I love the game for many reasons: it’s fun. It harkens back to happy childhood memories. It injects a little happiness into my 20-minute walk between work and the bus stop. I’ve met up with friends specifically to go hunting together, usually winding up in a cosy cafe to beat the cold.

But I wonder if the game could be used for something more – could we use it as an engine for good? Already we’ve seen it act as social glue to gather hundreds of Pokéfans in a space – I know for a fact that Mission Bay and the Auckland Domain are pumping with players almost every night, despite not getting out there myself thus far. Memorial Park in Hamilton, I am reliably told, is also thronging nightly with Poképlayers.

What if players were to equip themselves with trash bags when they hit the streets en masse, to collect rubbish while they collect Pokémon?

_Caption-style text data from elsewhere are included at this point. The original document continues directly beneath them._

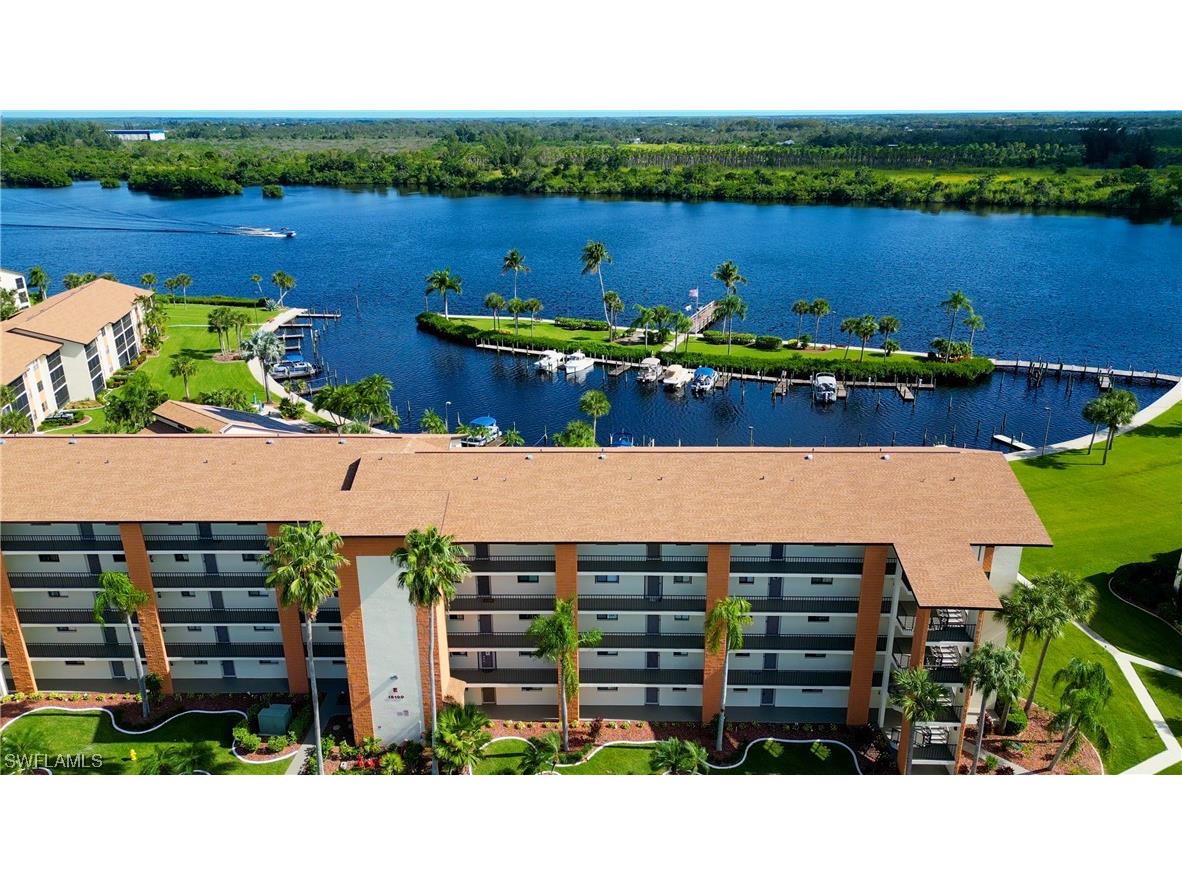 16100 Bay Pointe Boulevard #107 North Fort Myers FL 33917 223083010 image1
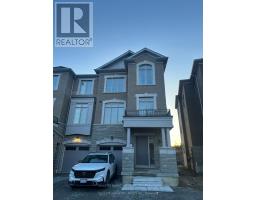 32 COOTE CRT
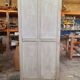 Hosiy cabinet "Parisienne"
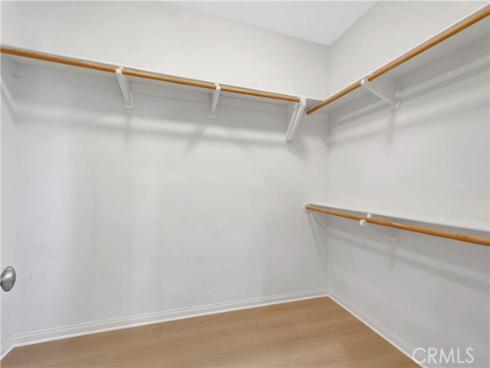 114  Chestnut   Grove, Irvine, CA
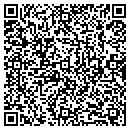 QR code with Denman USA contacts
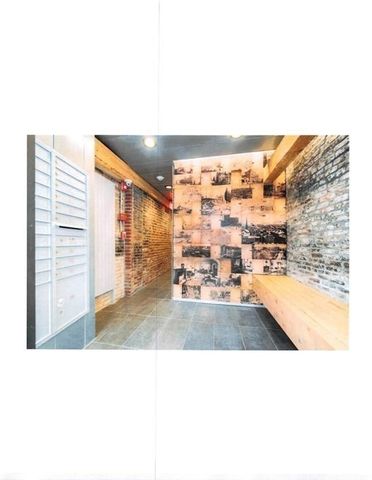 144 Bowdoin Street 21, Boston, MA 02108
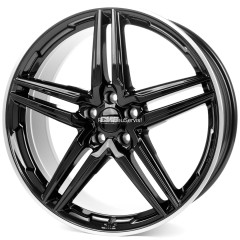 CMS C29 8,5X20 5X112 ET20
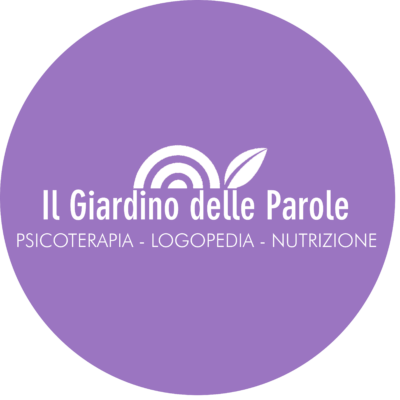 Il Giardino delle Parole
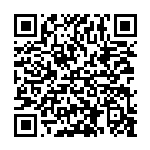 QR Code: http://wiki.daz3d.com/doku.php/public/read_me/index/80028/start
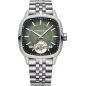 Годинник Raymond Weil Freelancer 2790-ST-52051
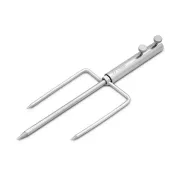 Suport pentru umbrele Delphin TRIB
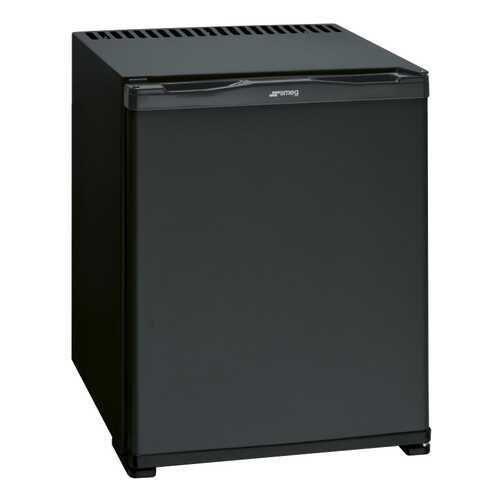 Встраиваемый холодильник Smeg ABM32-2 Black в Ноу-Хау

Or wandered up and down Queen Street with bags stocked with food to feed to homeless people? How could it be used to form communities of healing for those with mental illness? I see here an opportunity – an online community that can be mobilised to do great stuff, in return for a couple of digital critters on a smartphone screen.

I know I’m not alone in asking these questions and I would like to throw the invitation out to you – how do we use this game, this social phenomenon, to achieve change?

It’s already happening. I’ve signed up for a beach clean at Takapuna in August, and noticed someone in the Auckland group bribing – I mean encouraging – people to sign up to collect for Daffodil Day, offering to put lures on nearby Pokéstops for the volunteers. There’s a popular post online from a dog rescue centre in Indiana, which has had an amazing response from trainers wanting excuses to go for a walk – they’ve seen a massive increase in volunteers and all their dogs have been adopted in record time.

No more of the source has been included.